## Material provided
- - - - - - -

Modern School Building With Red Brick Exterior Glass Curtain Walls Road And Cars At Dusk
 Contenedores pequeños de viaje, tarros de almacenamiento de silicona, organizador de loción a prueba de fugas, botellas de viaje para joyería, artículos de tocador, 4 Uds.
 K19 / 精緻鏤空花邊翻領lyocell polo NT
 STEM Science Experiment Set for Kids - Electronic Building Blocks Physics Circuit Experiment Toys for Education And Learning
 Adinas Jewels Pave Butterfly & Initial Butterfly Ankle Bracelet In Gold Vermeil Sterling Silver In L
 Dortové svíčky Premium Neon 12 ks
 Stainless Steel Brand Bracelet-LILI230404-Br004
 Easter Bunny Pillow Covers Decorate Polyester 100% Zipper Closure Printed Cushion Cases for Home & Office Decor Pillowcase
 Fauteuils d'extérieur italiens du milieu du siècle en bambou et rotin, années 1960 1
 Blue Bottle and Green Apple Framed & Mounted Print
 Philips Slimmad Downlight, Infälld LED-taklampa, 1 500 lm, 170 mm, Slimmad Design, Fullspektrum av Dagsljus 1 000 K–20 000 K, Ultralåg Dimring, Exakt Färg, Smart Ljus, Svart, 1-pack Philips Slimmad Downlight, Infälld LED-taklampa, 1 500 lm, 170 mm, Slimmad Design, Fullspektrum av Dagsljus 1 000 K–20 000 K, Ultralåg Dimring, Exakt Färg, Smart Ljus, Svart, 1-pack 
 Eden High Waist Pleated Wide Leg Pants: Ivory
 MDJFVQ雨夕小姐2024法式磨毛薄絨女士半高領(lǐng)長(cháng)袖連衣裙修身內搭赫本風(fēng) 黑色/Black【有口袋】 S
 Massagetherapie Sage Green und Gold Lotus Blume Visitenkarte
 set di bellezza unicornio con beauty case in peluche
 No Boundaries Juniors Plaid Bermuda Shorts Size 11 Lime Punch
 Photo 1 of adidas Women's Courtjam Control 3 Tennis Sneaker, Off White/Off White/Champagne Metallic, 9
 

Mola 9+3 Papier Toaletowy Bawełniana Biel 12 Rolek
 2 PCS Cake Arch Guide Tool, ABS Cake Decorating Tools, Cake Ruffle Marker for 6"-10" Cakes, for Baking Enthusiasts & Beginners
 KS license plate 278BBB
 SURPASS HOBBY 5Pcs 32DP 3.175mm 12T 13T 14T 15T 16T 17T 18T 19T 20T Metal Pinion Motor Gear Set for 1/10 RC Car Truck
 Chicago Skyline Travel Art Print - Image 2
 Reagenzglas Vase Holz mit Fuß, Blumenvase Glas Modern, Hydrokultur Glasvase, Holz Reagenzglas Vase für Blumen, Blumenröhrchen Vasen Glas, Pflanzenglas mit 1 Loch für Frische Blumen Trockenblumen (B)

- - - - - - -

## Assignment
Could you transcribe the entries above word for word, from the line with "K19 / 精緻鏤空花邊翻領lyocell polo NT" down to the line with "Dortové svíčky Premium Neon 12 ks", keeping both?

## Output for this exercise
 K19 / 精緻鏤空花邊翻領lyocell polo NT
 STEM Science Experiment Set for Kids - Electronic Building Blocks Physics Circuit Experiment Toys for Education And Learning
 Adinas Jewels Pave Butterfly & Initial Butterfly Ankle Bracelet In Gold Vermeil Sterling Silver In L
 Dortové svíčky Premium Neon 12 ks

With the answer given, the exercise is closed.